Vozes Negras: Sujeito de direito ou objeto de estudo?

Imagem: Bacurau (2019) – Victor Jucá/Divulgação

 

Coluna Vozes Negras, às terças no Justificando

Por José Antonio Correa Francisco

 

Um tiro na cara, um tiro na nuca

Um tiro no amor, outro na cultura

Terror de fragata, radin de cintura

Caneta que assina o papel da estrutura

Se não é com você, que que ‘tá acontecendo?

(Cleane, Criolo e Tropkillaz, 2021)

 

Diversos projetos acadêmicos, políticos, sociais e artísticos marcaram as décadas de 1940 e 1950, entre eles a formação do TEN (Teatro Experimental do Negro, em 1949) e o Congresso Nacional do Negro Brasileiro, em 1950. Entre os participantes Abdias do Nascimento e o sociólogo Alberto Guerreiro Ramos, professor da Universidade do Brasil (atualmente, UFRJ).

 

Guerreiro Ramos formou-se na Faculdade Nacional de Filosofia e obteve importante destaque na sociologia brasileira. Em 1955, ele escreveu o artigo “Patologia social do ‘branco’ brasileiro”, no qual tece profundas críticas à visão desumanizada e ‘coisificada’ do negro da tradição acadêmica clássica, resultado da classificação e construção colonizada do dominador branco brasileiro.

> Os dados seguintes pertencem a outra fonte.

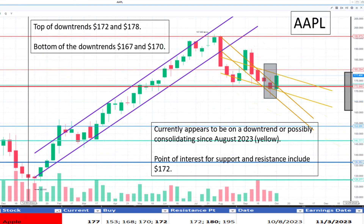Looking at Apple at $177, it appears to be on a downtrend beginning in August 2023. On the contrary, it may be finding support at $172. With the downtrend being our current focus, it appears to be overvalued.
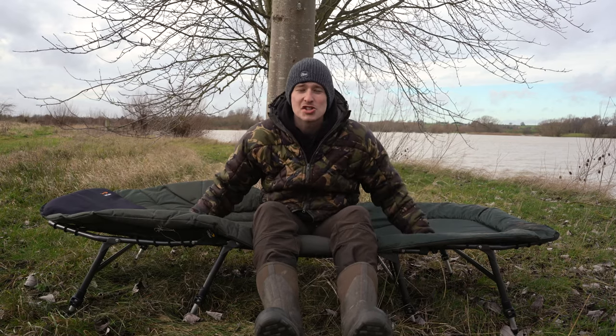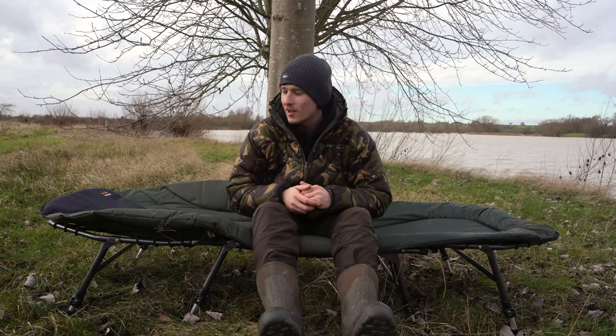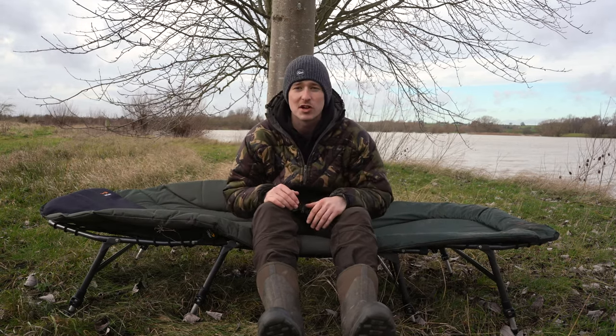As you saw, this really is like a super king when it comes to size. I'm over six foot tall and quite a big guy, and like I said, there's absolutely loads of room. It's about the same length as a normal bed chair, but it's the width where it really comes into its own, being over a metre wide.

Essa visão clássica generalizante impediria a plenitude da existência do negro (e também do branco ‘socialmente’ doente), como membros comuns de uma sociedade com características próprias, a fim de se auto-afirmar como Nação.

 

Nas palavras de Guerreiro Ramos:

 

O negro-tema é uma coisa examinada, olhada, vista, ora como ser mumificado, ora como ser curioso, ou de qualquer modo como um risco, um traço da realidade nacional que chama a atenção.

O negro-vida é, entretanto, algo que não se deixa imobilizar; é despistador, protéico, multiforme, do qual, na verdade, não se pode dar versão definitiva, pois é hoje o que não era ontem e será amanhã o que não é hoje.

 

Recentemente, no filme Bacurau (Brasil, 2019), o diálogo entre os forasteiros racistas e caçadores de homens e mulheres não-brancas e os dois brasileiros ‘brancos’ e ‘sudestinos’ pode ser considerado releitura cinematográfica da crítica de Guerreiro Ramos. Ainda hoje é buscada uma identificação com o europeu ou com o americano pelo ‘branco’ brasileiro, que não aceita a sua condição miscigenada pelo índio e pelo negro.

 

E essa ainda é a realidade atual e inexorável da existência do não-branco brasileiro, em permanente tensão e luta para (sobre) viver com dignidade e altivez. E o noticiário desta última semana – e poderia ser de qualquer outra – nos permite montar um roteiro lancinante, reincidente na perspectiva patológica da branquitude local.

 

Ato 1. A Educação

Dados de três das principais provas de acesso ao ensino superior no país —Enem, Fuvest e Unicamp— mostram uma redução no número de inscritos que estudaram na rede pública e também de candidatos pretos e pardos. Para especialistas, o fechamento das escolas por causa da pandemia de covid-19 e a dificuldade de acesso às aulas remotas são algumas das explicações.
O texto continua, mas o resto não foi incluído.